■ RECORDED DATA
****************
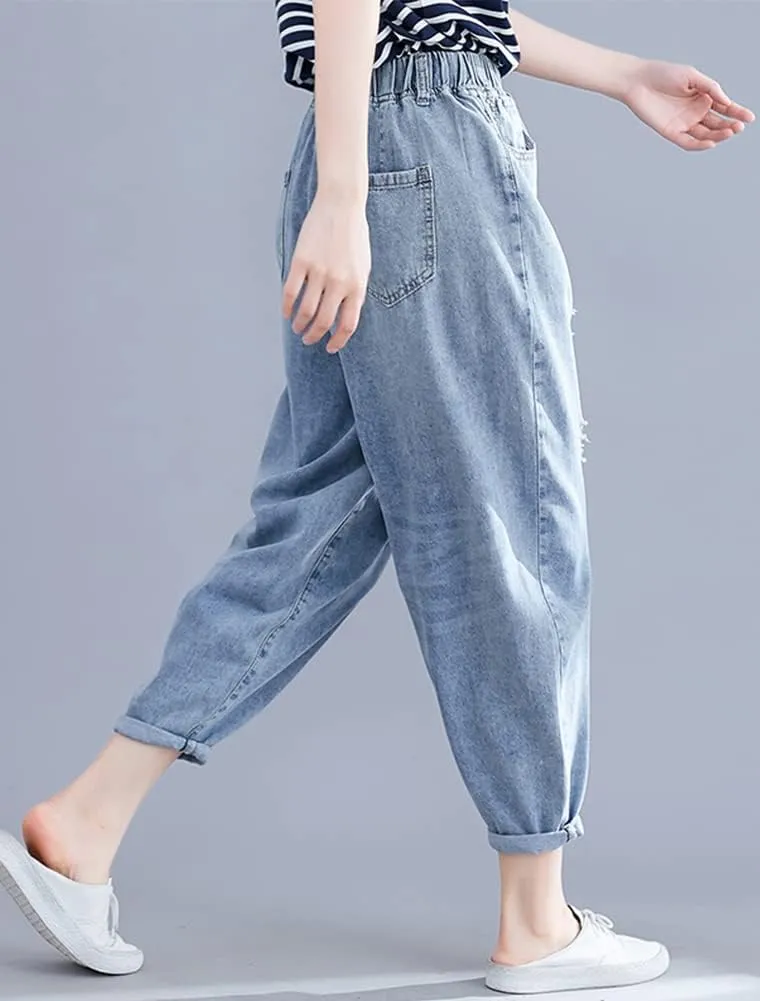 Lavnis Women's Cropped Jeans Cotton Loose Denim Pants Casual Elastic Waist Ripped Jean Joggers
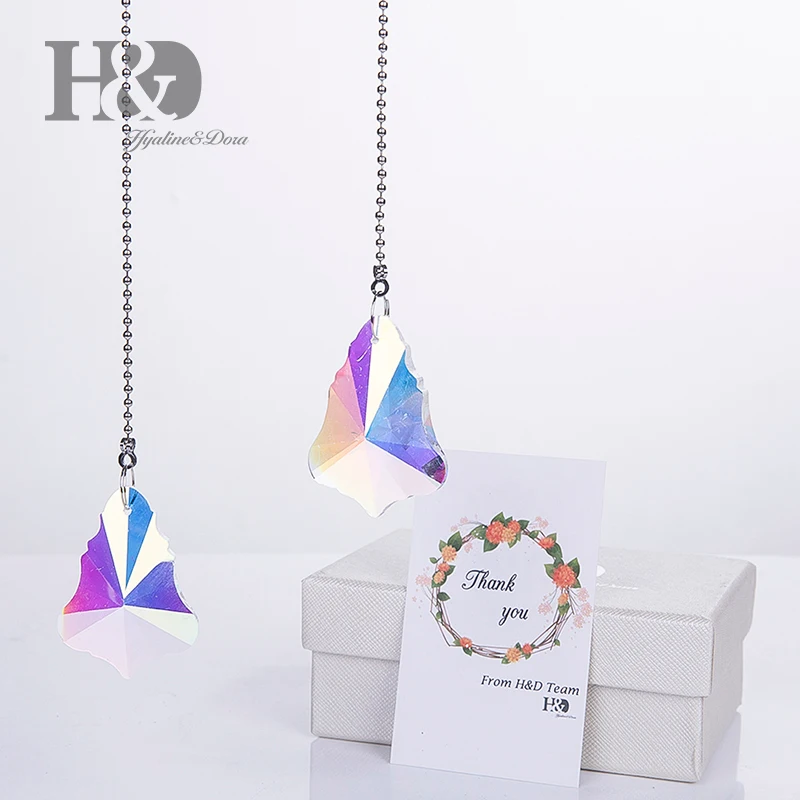H & D кристалл 50 мм Цвет Кристалл Призма кленовый лист 2 шт. Хрустальный потолочный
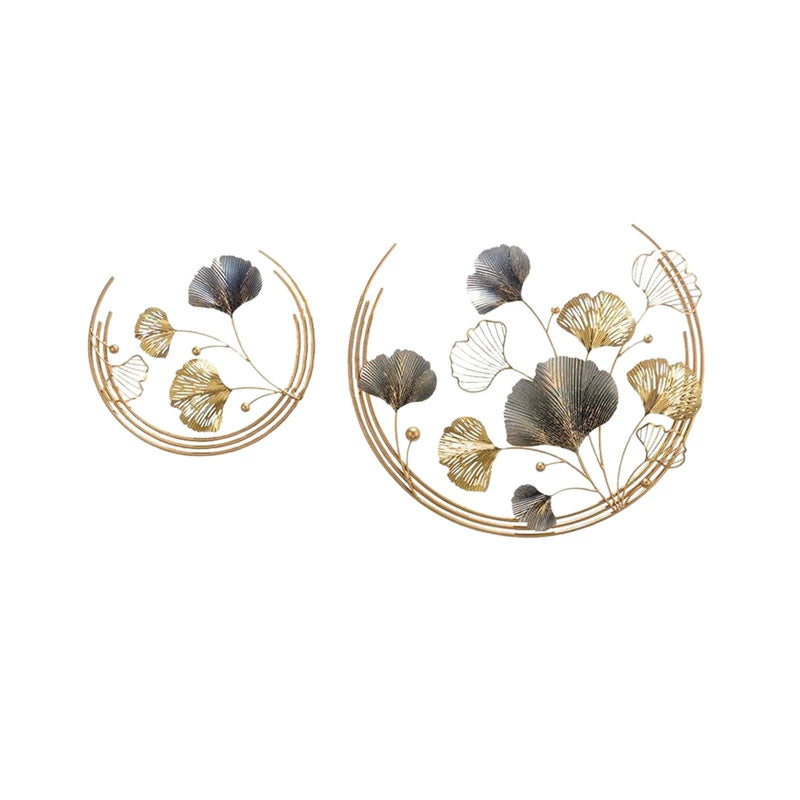 Home Metal Wall Decor Golden Ginkgo Leaves Metal Wall Decor with Frame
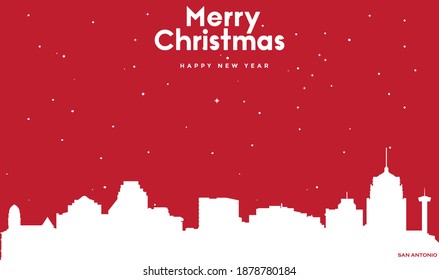 ilustración vectorial de la tarjeta de felicitación roja de Navidad y Año Nuevo con paisaje urbano blanco de San Antonio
****************
■ WHAT YOU HAVE TO DO
Nothing but the pictures may be dropped; restate the material word for word.

■ THE COMPLETED TASK
 Lavnis Women's Cropped Jeans Cotton Loose Denim Pants Casual Elastic Waist Ripped Jean Joggers
H & D кристалл 50 мм Цвет Кристалл Призма кленовый лист 2 шт. Хрустальный потолочный
 Home Metal Wall Decor Golden Ginkgo Leaves Metal Wall Decor with Frame
 ilustración vectorial de la tarjeta de felicitación roja de Navidad y Año Nuevo con paisaje urbano blanco de San Antonio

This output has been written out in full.